[WHAT TO DO]: In the entries below, begin at the line that has "American flag poster — Size: 12″×16″" and stop after the line that has "Черный безремневой вибрострапон"; output those lines exactly, leaving out pictures.

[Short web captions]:
****************

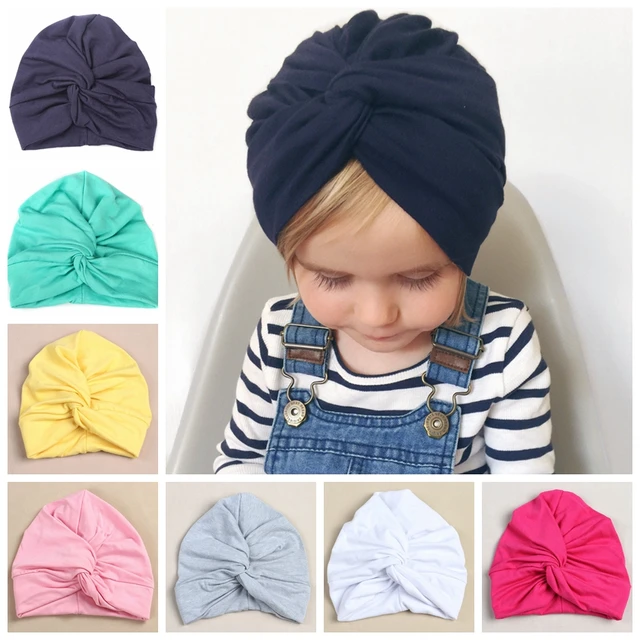 Lindo combinación de algodón para bebé turbante sombrero recién nacido Beanie gorras sombreros de niños niñas bebé niño ducha sombrero Regalo de Cumpleaños apoyos de la foto 1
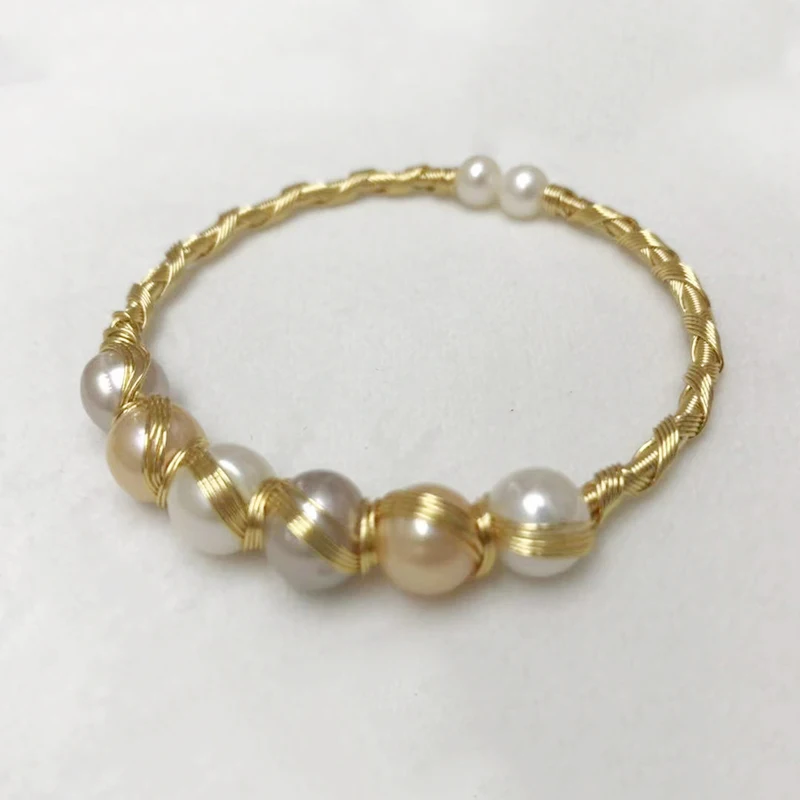 Multi-colored Baroque Pearl Pulsera Hombre Gold Bangles For Women Non-fading Luxury Jonc Bracelet Femm New Trendy Jewelry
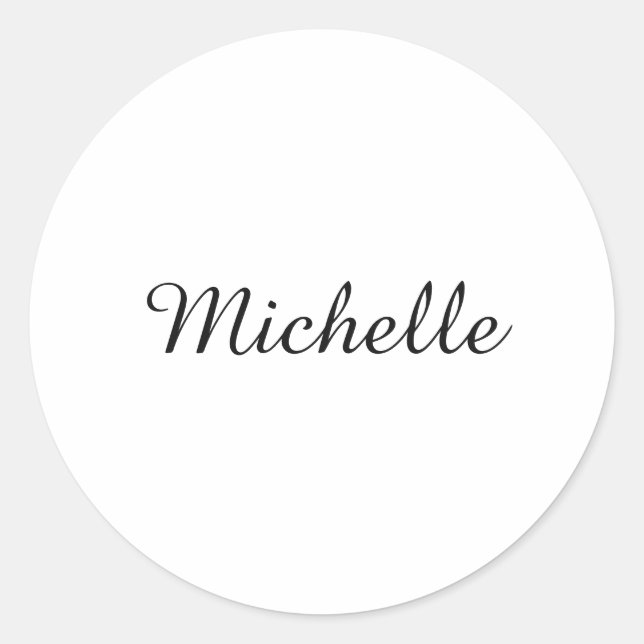 Calligraphy Name Creative Trendy White  Classic Round Sticker (Front)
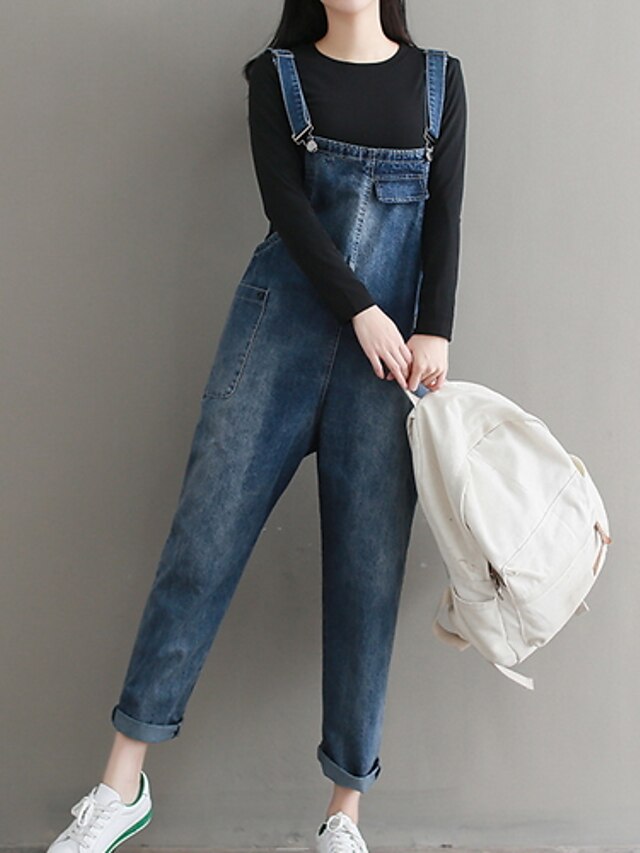  Women's Basic Overalls Pants - Solid Colored Cotton Blue S M L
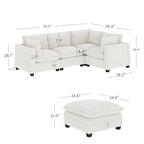 Canapé modulaire rembourré Chelsea Modern Cloud avec assise profonde et coussins moelleux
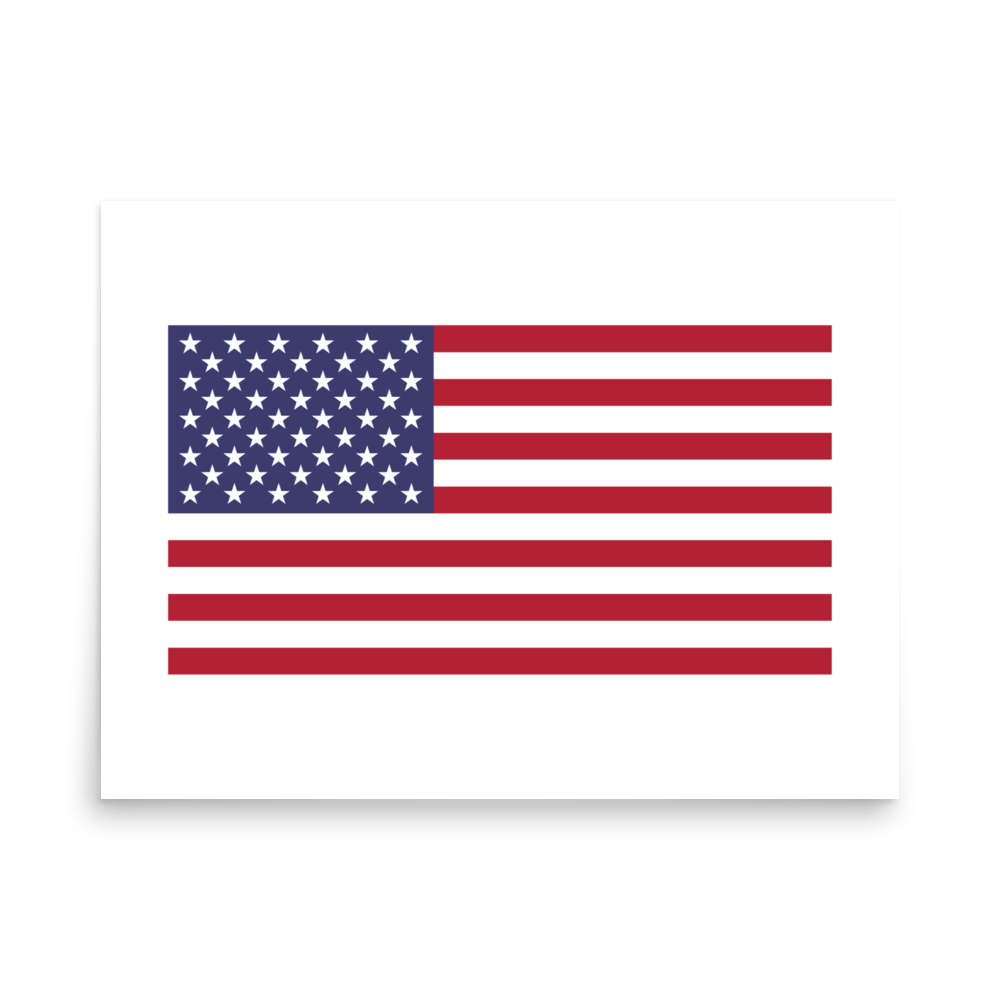 American flag poster — Size: 12″×16″
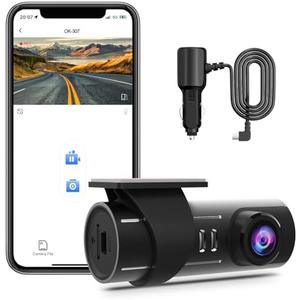 Dash Cam Front WiFi, 1080P Dash Camera for Car Without Screen, Night Vision, Parking Monitor, WDR, G-Sensor, Loop Recording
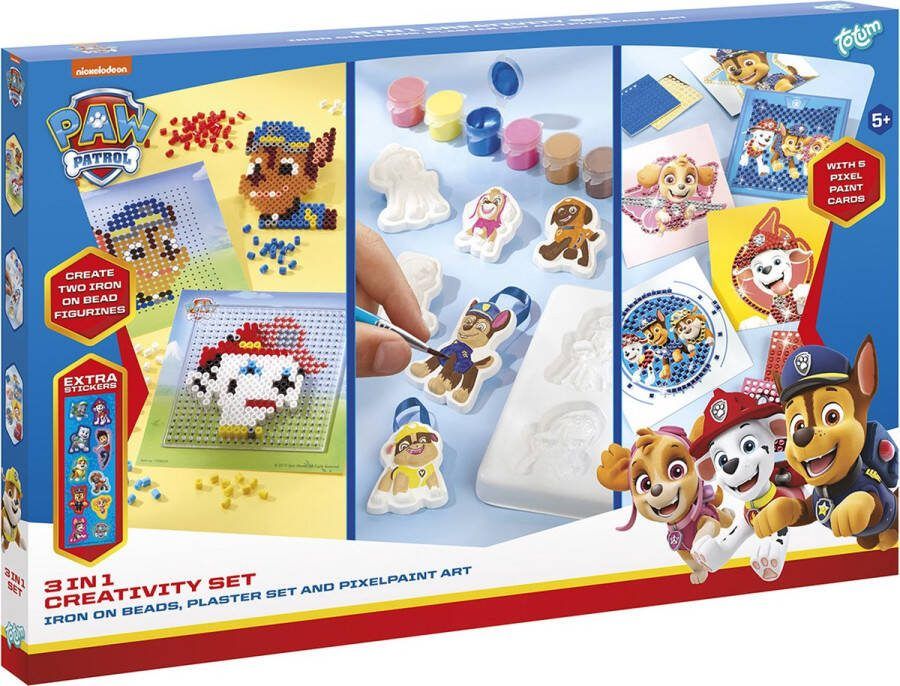 Totum PAW Patrol speelgoed knutselset 3 in 1 XL set Strijkkralen Gipsen en Pixelen creatief cadeautip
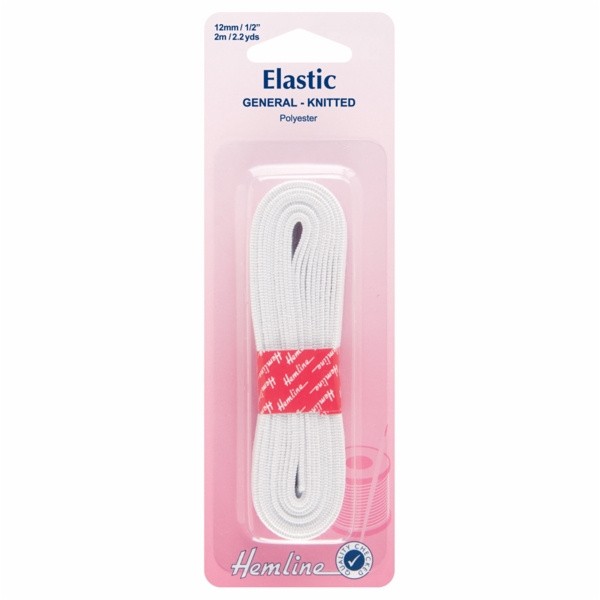 DODATKI ZA ŠIVANJE HEMLINE ELASTIKA 12MM X 2M BELA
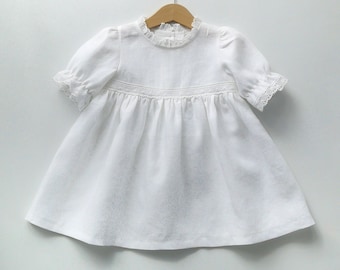 Linen Christening Gown, Rustic Lace Flower Girl Dress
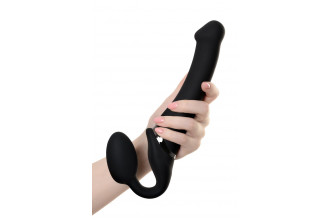 Черный безремневой вибрострапон Silicone Bendable Strap-On - size M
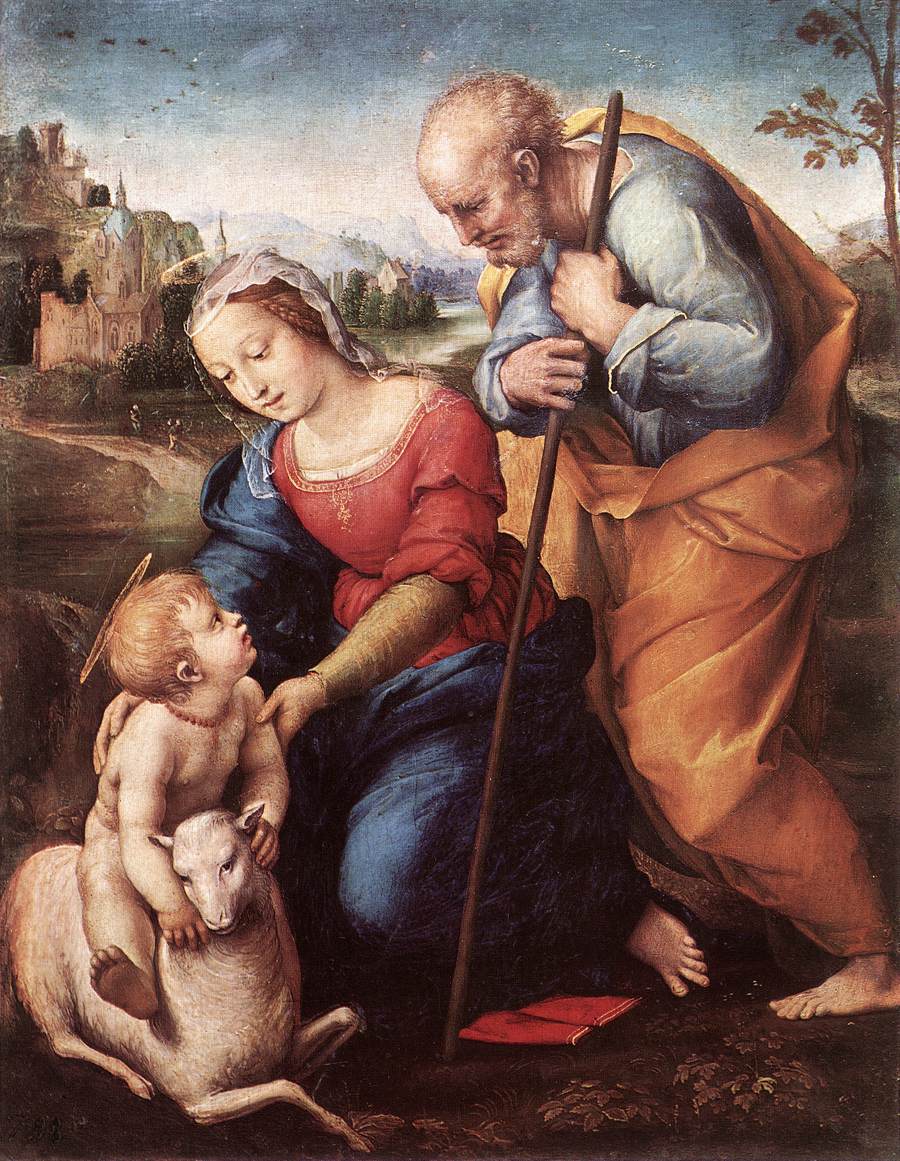 900x1161 The Holy Family With A Lamb - Holy Family Painting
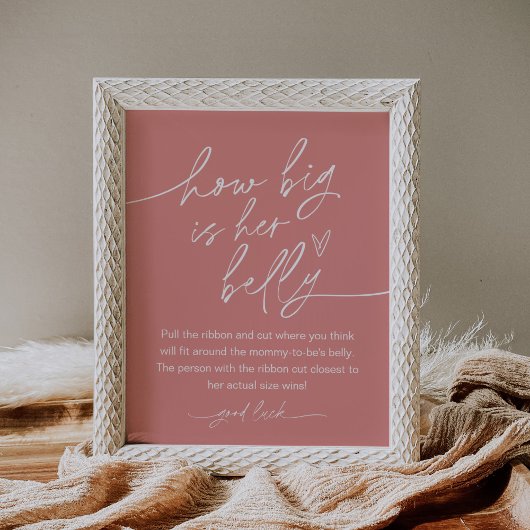 Hoe groot is haar Belly Baby shower Game? Poster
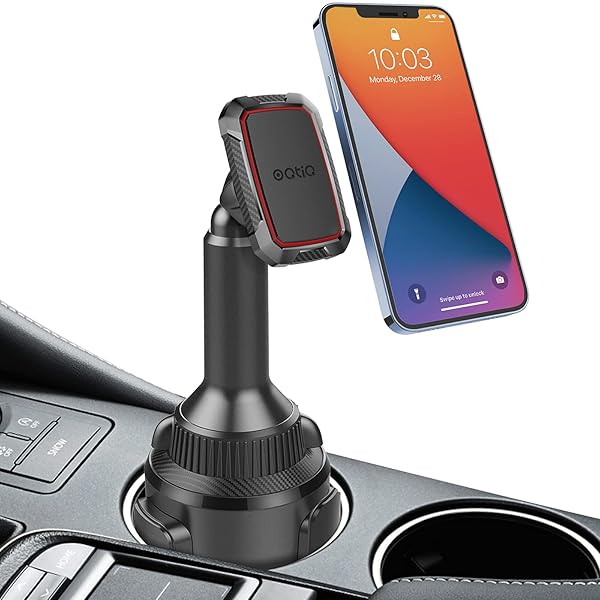 OQTIQ Universal Magnetic Phone Mount for Car Cup Holder - Fits iPhone, Samsung, LG & More - Extra Strong 6 Magnet Design - View 2 of 8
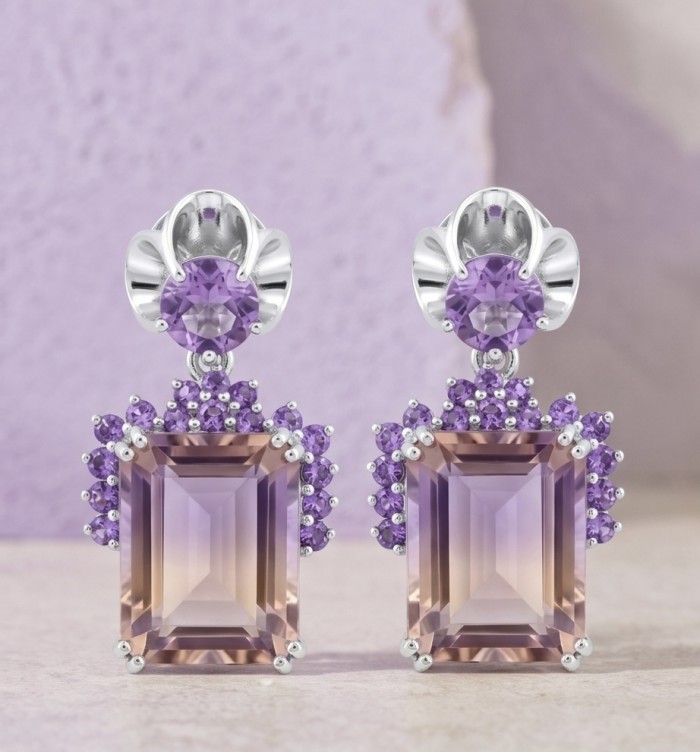 Charlotte Authentic 14.4 carat Green Ametrine rhodium over .925 Sterling Silver handcrafted Statement Earrings - Front view of Charlotte Authentic earrings with ametrine and purple stones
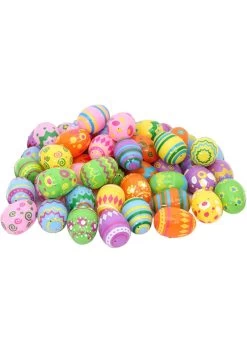100 Piece Printed Plastic Egg Shells -Halloween Costume Shop 100 pcs 2 4 printed plastic egg shells alt 2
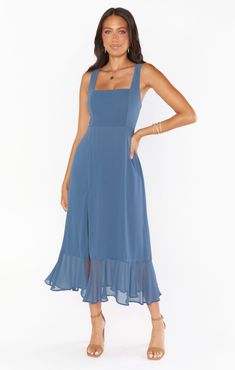 Fitted Chiffon Midi Dress With Square Neck, Dress Down Midi Dress With Smocked Back, Flowy Smocked Bodice Midi Dress For Party, Flowy Party Midi Dress With Smocked Back, Flowy Midi Dress With Smocked Back For Party, Flowy Midi Dress With Ruched Bodice, Chiffon Square Neck Dress For Date Night, Blue Midi Dress With Square Neck And Fitted Bodice, Fitted Bodice Smocked Back Midi Dress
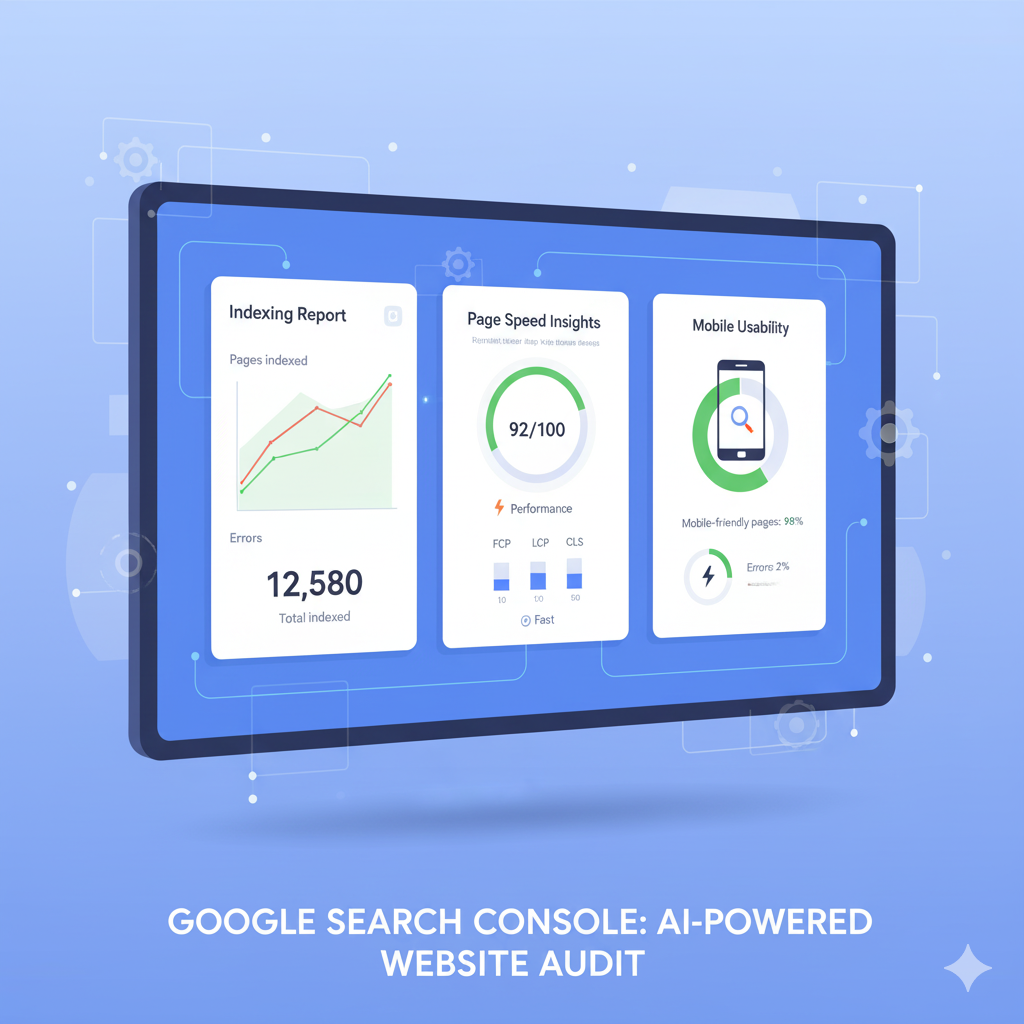 Google Search Console website audit dashboard showing indexing, page speed, and mobile usability insights
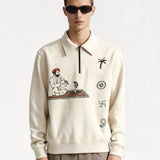 Snake charmer half zipper sweatshirt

****************

[TASK OUTPUT]:
 American flag poster — Size: 12″×16″
 Dash Cam Front WiFi, 1080P Dash Camera for Car Without Screen, Night Vision, Parking Monitor, WDR, G-Sensor, Loop Recording
 Totum PAW Patrol speelgoed knutselset 3 in 1 XL set Strijkkralen Gipsen en Pixelen creatief cadeautip
 DODATKI ZA ŠIVANJE HEMLINE ELASTIKA 12MM X 2M BELA
 Linen Christening Gown, Rustic Lace Flower Girl Dress
 Черный безремневой вибрострапон Silicone Bendable Strap-On - size M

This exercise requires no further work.